Republican presidential candidate Donald Trump trailed Democratic rival Hillary Clinton by 12 percentage points in a Reuters/Ipsos poll released on Friday, making him the clear underdog ahead of next week’s Republican National Convention.

Forty-five percent of likely voters supported former Secretary of State Clinton, 33 percent supported Trump, the wealthy businessman, and the remainder supported neither, according to the July 11-15 online poll.

The survey showed little change from Tuesday, when Clinton had led Trump by 13 percentage points.

Clinton has been ahead in the poll since early January.
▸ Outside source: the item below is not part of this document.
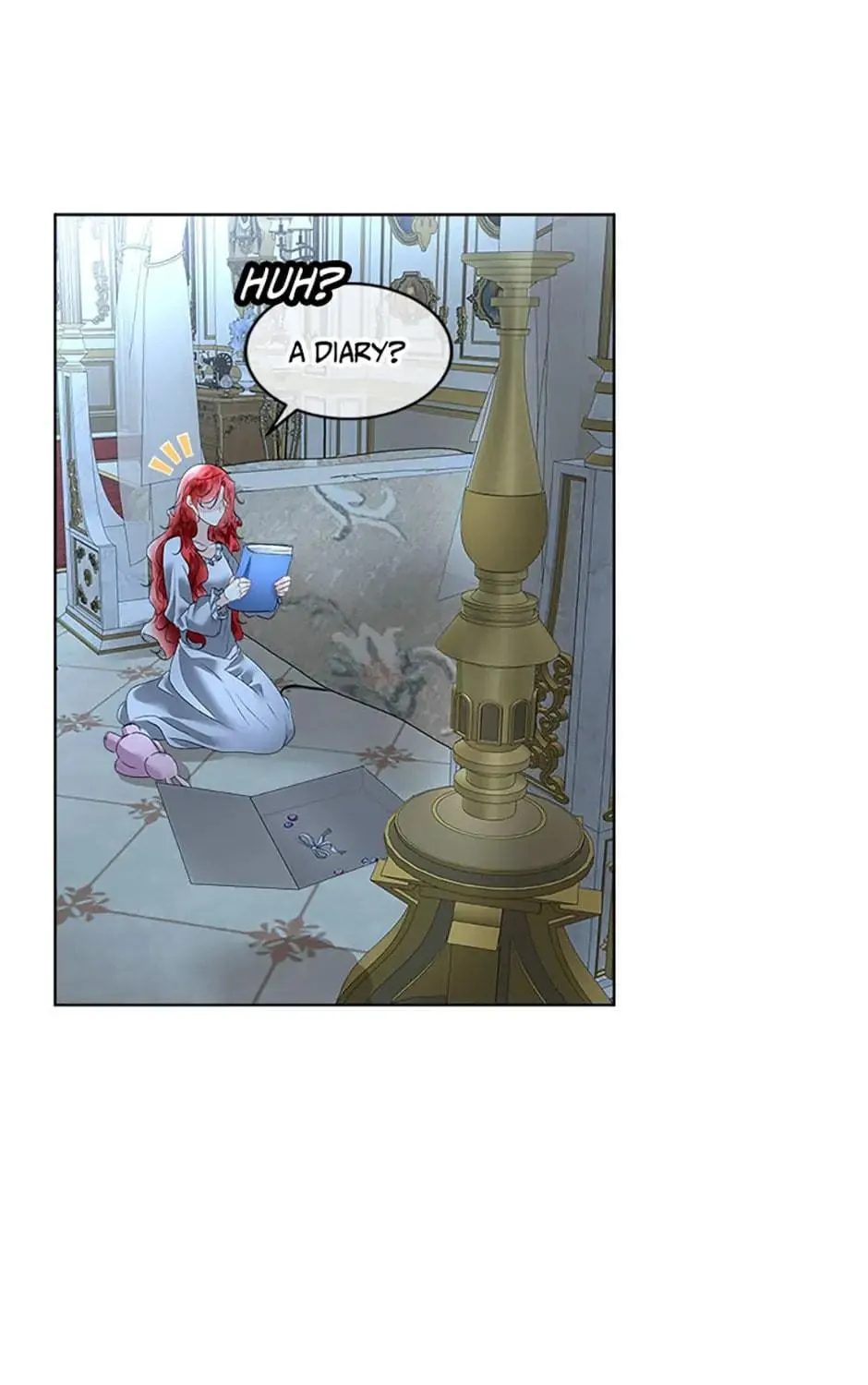 Fostering the Male Lead Chapter 36 page 17 -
Trump only approached her level of support in May, after his last two remaining rivals quit the race and he became the presumptive Republican nominee.
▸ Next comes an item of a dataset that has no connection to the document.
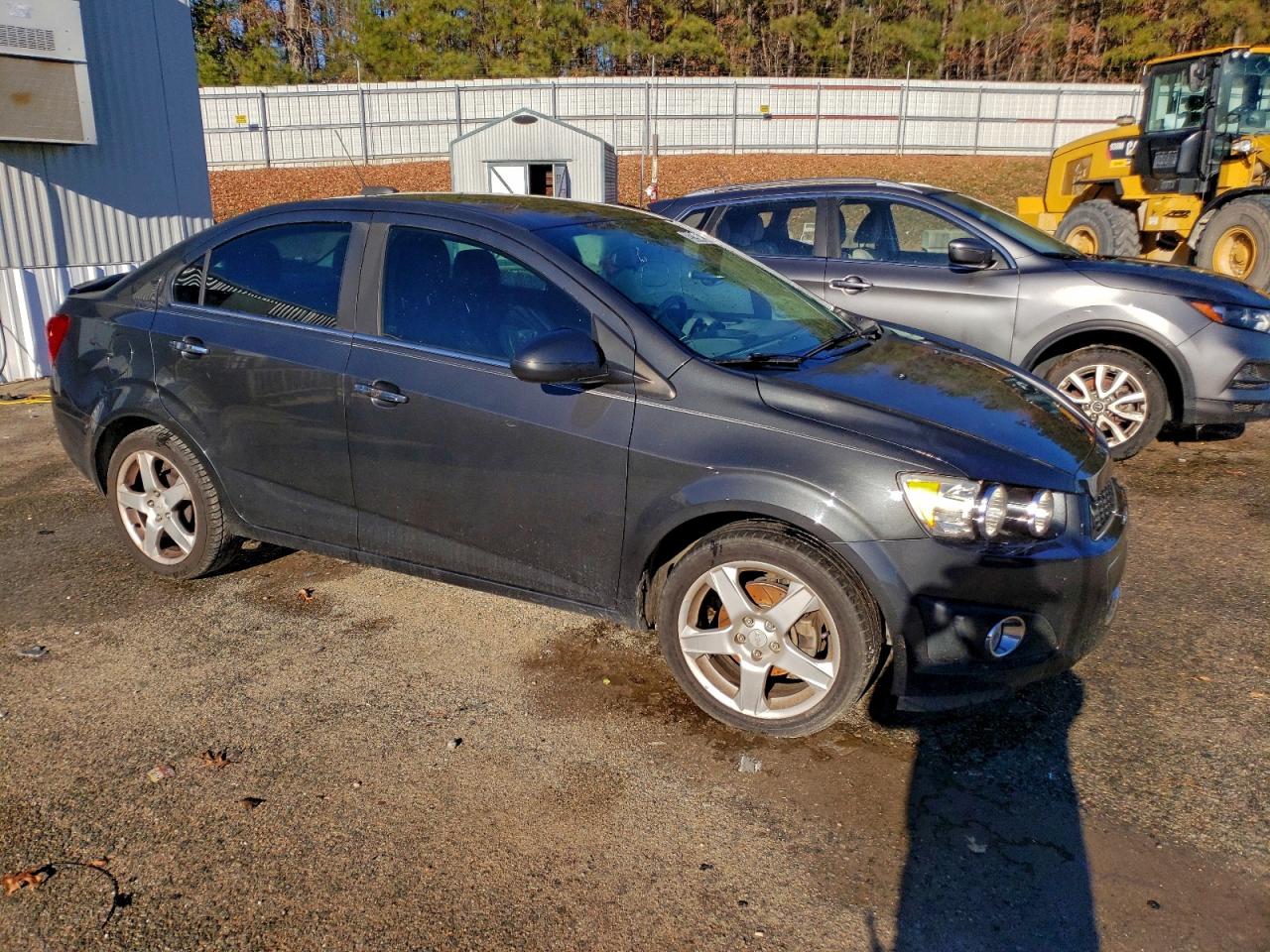 Chevrolet Sonic Ltz Image 9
Trump’s favorability has dropped since then, as his campaign began to focus on the Nov. 8 general election.

Trump has faced criticism in recent weeks over his now-defunct Trump University venture, which is accused of making false promises, and over his anti-immigrant and anti-Muslim rhetoric.

The poll results were mostly gathered before Thursday night’s deadly truck attack in Nice, France, and before Trump’s announcement on Friday that Indiana Governor Mike Pence would be his vice presidential running mate.

The poll results suggest that Clinton’s use of personal email for government business while secretary of state and her handling of classified information have not damaged her support among likely voters.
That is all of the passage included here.